ATEO Feeling at Home at SkyPi

After a 3 day long excursion across the country, the staff of Insight Observatory has delivered it's Astronomical Telescope for Educational Outreach (ATEO) to its new home in Pie Town, New Mexico. The 16" imaging astrograph has been successfully installed in SkyPi Online Observatory's pod known as Gamma. When we arrived were greeted by SkyPi's Managing Member, John Evelan. We received a tour of the grounds and were introduced to the other imaging telescopes hosted by SkyPi.

John of SkyPi and Muir of Insight Observatory installing the 16" Primary Mirror
John of SkyPi and Muir of Insight Observatory installing the 16" Primary Mirror.

Because of our week-long stay at SkyPi for the telescope installation, we were able to experience the dark and crystal clear skies that this corner of New Mexico has to offer. We were also fortunate to be able to look thru a 20" Dobsonian telescope at the spring and summer objects that frankly took our breath away... The consensus was that these were some of the best views of objects like the Lagoon Nebula, the Veil Nebula, and others that we had never seen before such as the Crescent Nebula in Cygnus. Our deepest thanks to our host, Michael, a staff member of SkyPi, who was generous enough to share his telescope and time with us!

We planned for a full week at the remote observatory site which allowed us to take our time unloading, installing and configuring the telescope. As we tested the components of the setup, we realized there were improvements that could be made to the focuser. Fortunately, SkyPi has resources in the surrounding area such as a talented machinist who was able to modify the focuser so it would perform with better precision. We were also able to configure all of the networking parameters to allow the public to access the telescope.

 Michael of SkyPi Preparing the 16" Mirror for Installation
Michael of SkyPi Preparing the 16" Mirror for Installation.

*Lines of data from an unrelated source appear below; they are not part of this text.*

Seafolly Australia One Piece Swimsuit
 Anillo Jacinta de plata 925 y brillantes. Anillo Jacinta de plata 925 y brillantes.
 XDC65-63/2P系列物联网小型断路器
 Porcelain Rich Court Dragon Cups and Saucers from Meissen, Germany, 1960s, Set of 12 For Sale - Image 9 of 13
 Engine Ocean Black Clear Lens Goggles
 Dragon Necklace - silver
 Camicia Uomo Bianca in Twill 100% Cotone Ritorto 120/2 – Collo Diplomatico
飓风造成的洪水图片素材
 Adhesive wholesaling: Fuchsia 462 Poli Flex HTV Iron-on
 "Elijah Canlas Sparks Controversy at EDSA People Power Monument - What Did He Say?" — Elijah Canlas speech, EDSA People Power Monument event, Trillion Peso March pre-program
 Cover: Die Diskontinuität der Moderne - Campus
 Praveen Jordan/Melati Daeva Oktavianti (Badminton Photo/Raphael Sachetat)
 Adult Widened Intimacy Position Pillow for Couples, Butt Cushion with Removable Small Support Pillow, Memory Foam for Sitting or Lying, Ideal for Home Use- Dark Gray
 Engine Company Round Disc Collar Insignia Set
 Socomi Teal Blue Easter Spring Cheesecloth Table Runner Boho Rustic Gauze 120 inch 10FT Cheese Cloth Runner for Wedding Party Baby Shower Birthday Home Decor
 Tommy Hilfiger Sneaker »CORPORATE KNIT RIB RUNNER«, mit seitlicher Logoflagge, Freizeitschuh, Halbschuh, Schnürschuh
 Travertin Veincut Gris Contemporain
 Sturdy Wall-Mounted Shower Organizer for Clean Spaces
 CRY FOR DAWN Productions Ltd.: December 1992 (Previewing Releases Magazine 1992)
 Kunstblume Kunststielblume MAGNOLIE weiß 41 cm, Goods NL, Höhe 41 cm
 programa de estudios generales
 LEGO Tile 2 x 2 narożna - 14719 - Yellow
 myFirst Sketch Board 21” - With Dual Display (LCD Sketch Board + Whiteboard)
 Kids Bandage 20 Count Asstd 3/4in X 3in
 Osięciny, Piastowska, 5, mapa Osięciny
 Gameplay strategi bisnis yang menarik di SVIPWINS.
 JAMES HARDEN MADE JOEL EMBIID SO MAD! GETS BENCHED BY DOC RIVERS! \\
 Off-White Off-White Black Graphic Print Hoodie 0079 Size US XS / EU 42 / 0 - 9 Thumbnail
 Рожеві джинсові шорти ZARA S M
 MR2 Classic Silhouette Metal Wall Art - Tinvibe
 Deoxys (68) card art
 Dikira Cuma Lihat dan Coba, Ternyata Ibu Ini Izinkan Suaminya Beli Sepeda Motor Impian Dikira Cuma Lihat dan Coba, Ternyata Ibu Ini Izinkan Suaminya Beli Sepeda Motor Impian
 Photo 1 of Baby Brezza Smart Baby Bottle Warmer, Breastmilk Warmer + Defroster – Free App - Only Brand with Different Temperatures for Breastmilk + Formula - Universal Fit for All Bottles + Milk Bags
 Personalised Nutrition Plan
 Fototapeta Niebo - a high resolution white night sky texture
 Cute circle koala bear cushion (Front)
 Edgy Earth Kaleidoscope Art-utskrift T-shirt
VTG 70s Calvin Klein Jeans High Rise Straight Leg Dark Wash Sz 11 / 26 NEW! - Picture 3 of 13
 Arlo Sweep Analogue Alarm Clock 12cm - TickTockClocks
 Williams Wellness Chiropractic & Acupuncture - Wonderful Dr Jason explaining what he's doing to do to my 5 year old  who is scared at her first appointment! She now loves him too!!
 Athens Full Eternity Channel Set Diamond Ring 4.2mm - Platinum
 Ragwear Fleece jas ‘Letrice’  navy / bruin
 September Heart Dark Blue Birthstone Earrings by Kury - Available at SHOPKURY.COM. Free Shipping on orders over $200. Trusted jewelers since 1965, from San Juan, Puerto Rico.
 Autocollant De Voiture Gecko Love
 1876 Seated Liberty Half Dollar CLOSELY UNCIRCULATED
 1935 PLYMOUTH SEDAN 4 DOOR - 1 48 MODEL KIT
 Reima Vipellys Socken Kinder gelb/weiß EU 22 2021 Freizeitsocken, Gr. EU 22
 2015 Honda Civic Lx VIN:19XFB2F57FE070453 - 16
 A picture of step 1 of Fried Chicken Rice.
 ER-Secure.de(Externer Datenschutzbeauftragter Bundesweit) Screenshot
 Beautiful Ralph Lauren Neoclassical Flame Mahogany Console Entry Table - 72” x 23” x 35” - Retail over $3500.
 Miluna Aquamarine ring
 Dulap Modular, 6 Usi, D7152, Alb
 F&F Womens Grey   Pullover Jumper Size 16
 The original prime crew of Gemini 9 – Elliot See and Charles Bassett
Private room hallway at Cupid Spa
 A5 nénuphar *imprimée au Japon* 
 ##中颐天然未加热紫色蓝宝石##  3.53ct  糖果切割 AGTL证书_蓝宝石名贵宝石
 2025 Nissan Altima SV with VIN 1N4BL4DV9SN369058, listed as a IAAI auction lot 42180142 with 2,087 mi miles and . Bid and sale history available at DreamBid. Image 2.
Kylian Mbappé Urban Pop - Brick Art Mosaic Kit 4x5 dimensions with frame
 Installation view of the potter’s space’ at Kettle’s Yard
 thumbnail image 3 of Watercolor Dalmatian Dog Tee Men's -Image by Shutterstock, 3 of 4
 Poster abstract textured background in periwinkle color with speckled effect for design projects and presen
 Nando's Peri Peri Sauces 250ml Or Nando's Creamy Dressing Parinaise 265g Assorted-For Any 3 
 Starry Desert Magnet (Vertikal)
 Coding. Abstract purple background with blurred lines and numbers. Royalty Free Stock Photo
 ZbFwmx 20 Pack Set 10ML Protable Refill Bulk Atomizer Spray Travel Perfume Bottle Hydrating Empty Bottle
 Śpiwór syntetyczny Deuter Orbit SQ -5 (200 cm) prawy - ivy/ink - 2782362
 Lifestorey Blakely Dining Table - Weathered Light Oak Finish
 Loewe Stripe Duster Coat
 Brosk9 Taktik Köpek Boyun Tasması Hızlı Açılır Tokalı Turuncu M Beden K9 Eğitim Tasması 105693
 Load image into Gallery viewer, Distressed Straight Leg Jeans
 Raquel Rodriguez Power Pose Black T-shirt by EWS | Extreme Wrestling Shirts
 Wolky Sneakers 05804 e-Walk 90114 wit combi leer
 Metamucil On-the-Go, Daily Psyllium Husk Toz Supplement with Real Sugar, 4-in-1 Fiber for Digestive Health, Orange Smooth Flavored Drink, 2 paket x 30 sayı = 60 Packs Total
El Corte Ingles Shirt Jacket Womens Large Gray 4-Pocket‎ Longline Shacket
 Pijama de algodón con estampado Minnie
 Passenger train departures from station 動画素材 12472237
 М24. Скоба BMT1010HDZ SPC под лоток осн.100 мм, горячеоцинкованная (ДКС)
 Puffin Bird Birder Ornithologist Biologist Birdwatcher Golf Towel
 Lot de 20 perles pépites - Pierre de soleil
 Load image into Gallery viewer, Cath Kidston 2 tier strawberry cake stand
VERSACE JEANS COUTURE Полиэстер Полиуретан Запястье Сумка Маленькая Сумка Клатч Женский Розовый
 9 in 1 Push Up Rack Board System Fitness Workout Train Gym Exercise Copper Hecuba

This is an important milestone for the ATEO, but our work is not done yet; testing and configuration of the scope needs to be performed and completed, completion of the first iteration of our software has to be released, and other sundries that although minor is still important for success. All in all, we are excited and relieved to finally have the ATEO equipment delivered and installed at SkyPi, and now the real work begins!